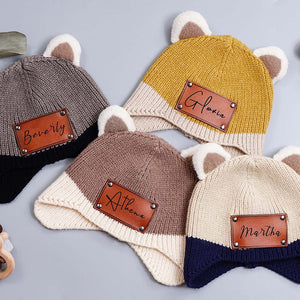 Personalised Newborn Beanies,Custom Baby Beanies,Baby Beanie With Nam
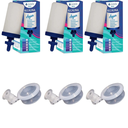 Ver imagem 6 de Kit 03 Un Vela Oásis Água Alcalina Tripla Ação Prata + 03 Un Boia Original Oasis Dosadora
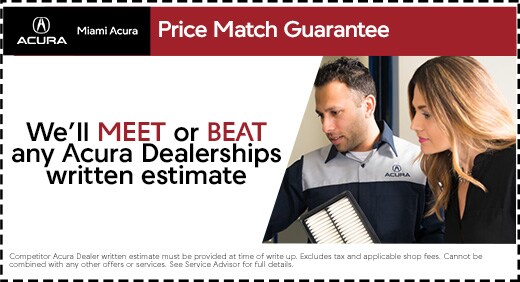 Price Match Guarantee in Miami, FL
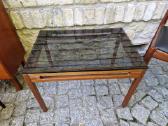 Vintažinis mid century tikmedžio kavos staliukas - nuotraukos Nr. 24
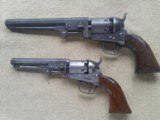 A Pair of Colt London Revolvers, One Baby Dragoon and One 1851 Navy, both with the same Serial Number - 1 of 1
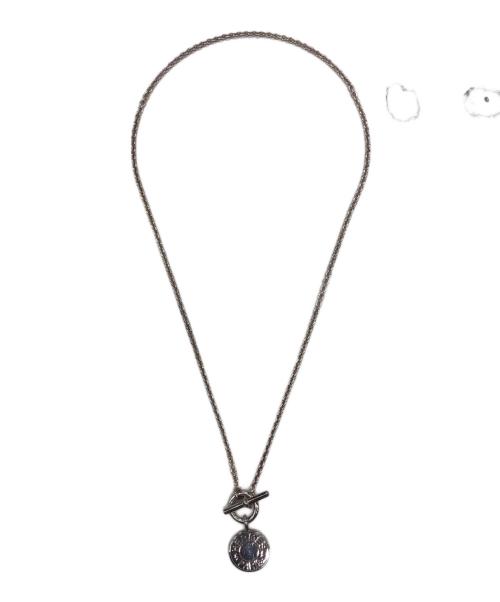 HERMES（エルメス）HERMES (エルメス) アミュレットHエクスリブリスネックレス シルバーの古着・服飾アイテム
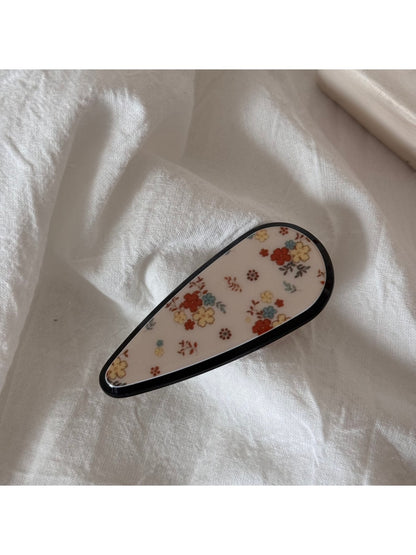 Beau - Printed Teardrop Duckbill Acrylic Hair Clip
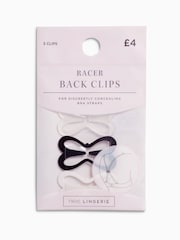 Black/White/Clear Racer Back Clips Three Pack - Image 3 of 3
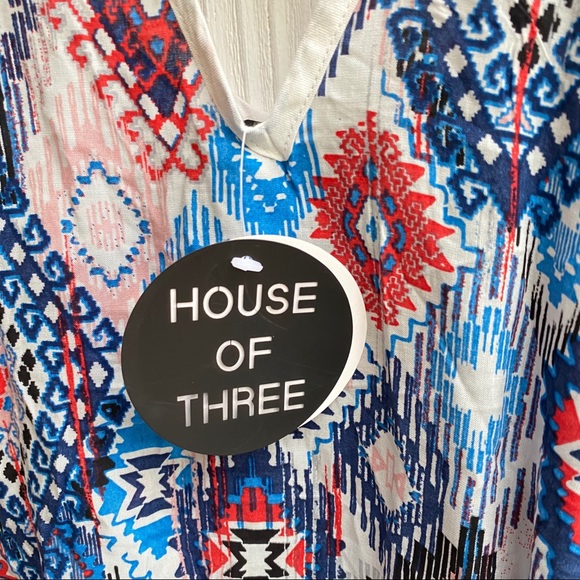 House of Three Sundress Mini SZ 8 NWT - Picture 2 of 6
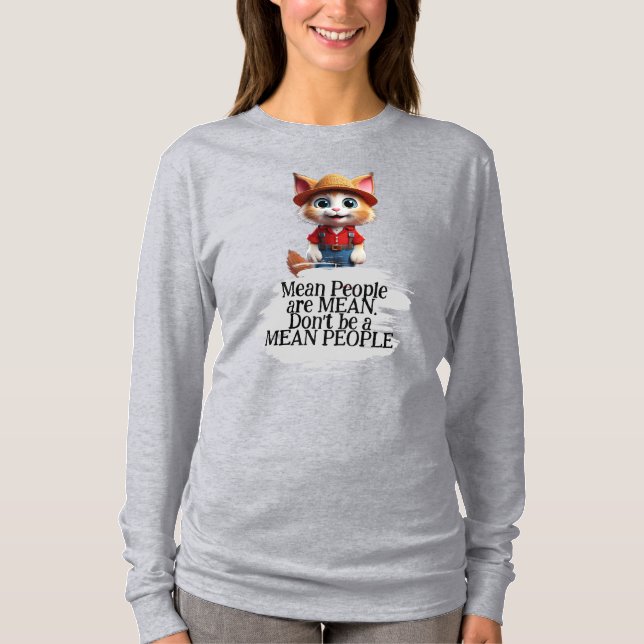 Böse Menschen sind böse T-Shirt (Vorderseite)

» TASK PROMPT
Without including a single picture, restate all of the data word for word.

» THE ANSWER
 Personalised Newborn Beanies,Custom Baby Beanies,Baby Beanie With Nam
 Ver imagem 6 de Kit 03 Un Vela Oásis Água Alcalina Tripla Ação Prata + 03 Un Boia Original Oasis Dosadora
 Price Match Guarantee in Miami, FL
 Vintažinis mid century tikmedžio kavos staliukas - nuotraukos Nr. 24
 A Pair of Colt London Revolvers, One Baby Dragoon and One 1851 Navy, both with the same Serial Number - 1 of 1
 HERMES（エルメス）HERMES (エルメス) アミュレットHエクスリブリスネックレス シルバーの古着・服飾アイテム
 Beau - Printed Teardrop Duckbill Acrylic Hair Clip
 Black/White/Clear Racer Back Clips Three Pack - Image 3 of 3
 House of Three Sundress Mini SZ 8 NWT - Picture 2 of 6
 Böse Menschen sind böse T-Shirt (Vorderseite)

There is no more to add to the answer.